■ **ACTION ITEM**: Only the lines below from the one that holds "Close-up portrait of" through the one that holds "bathroom featuring plenty" should appear in the answer, copied exactly, end lines included and pictures omitted.

■ **LISTED RECORDS**:
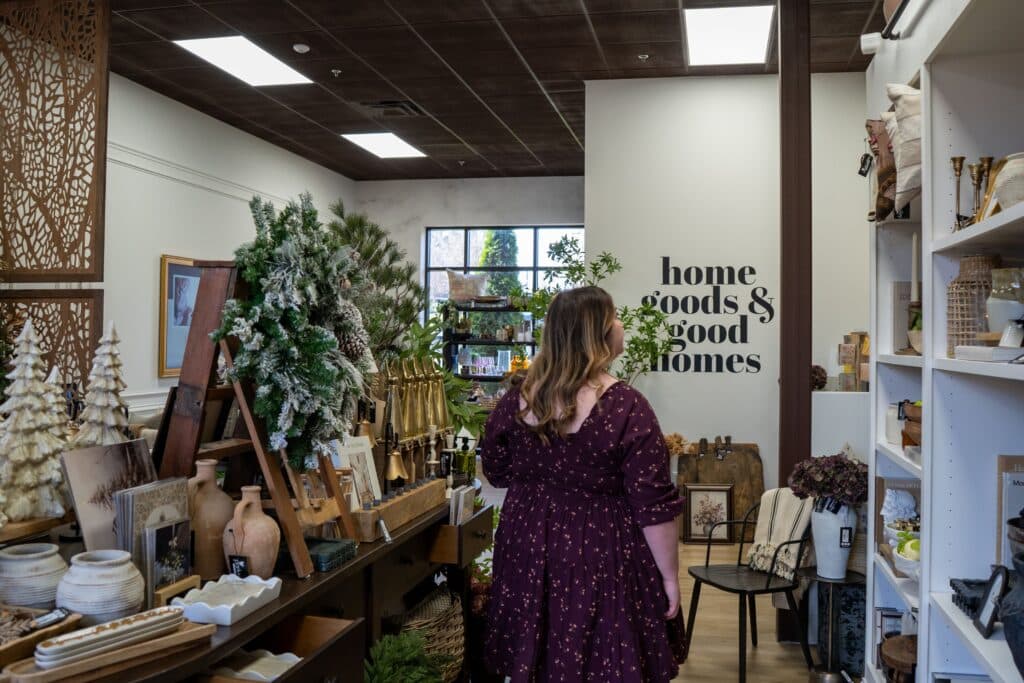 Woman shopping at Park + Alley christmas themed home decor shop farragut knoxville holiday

--

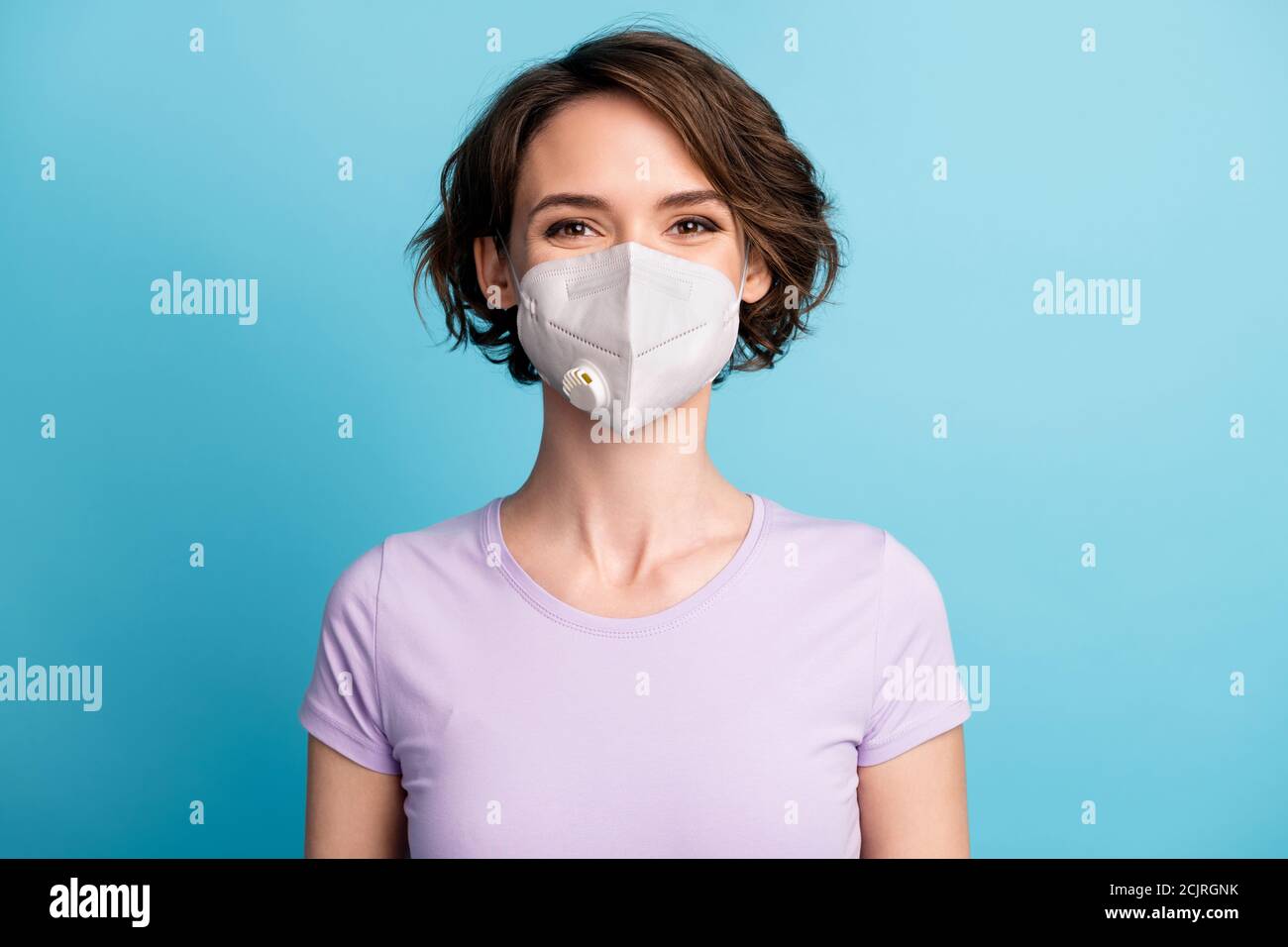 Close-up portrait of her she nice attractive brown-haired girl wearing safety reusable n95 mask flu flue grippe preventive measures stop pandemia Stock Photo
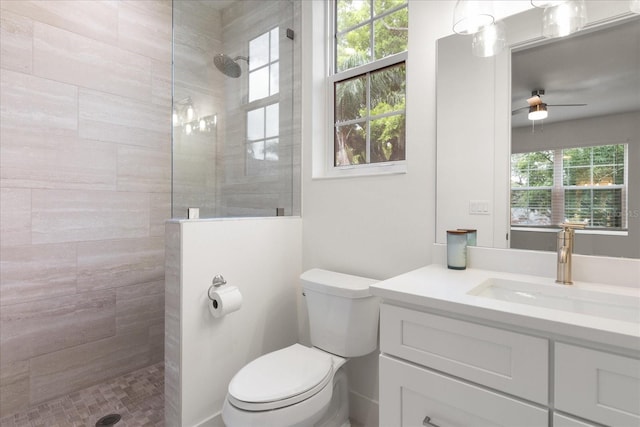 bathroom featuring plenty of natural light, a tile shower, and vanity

■ **OUTPUT OF THE TASK**:
 Close-up portrait of her she nice attractive brown-haired girl wearing safety reusable n95 mask flu flue grippe preventive measures stop pandemia Stock Photo
 bathroom featuring plenty of natural light, a tile shower, and vanity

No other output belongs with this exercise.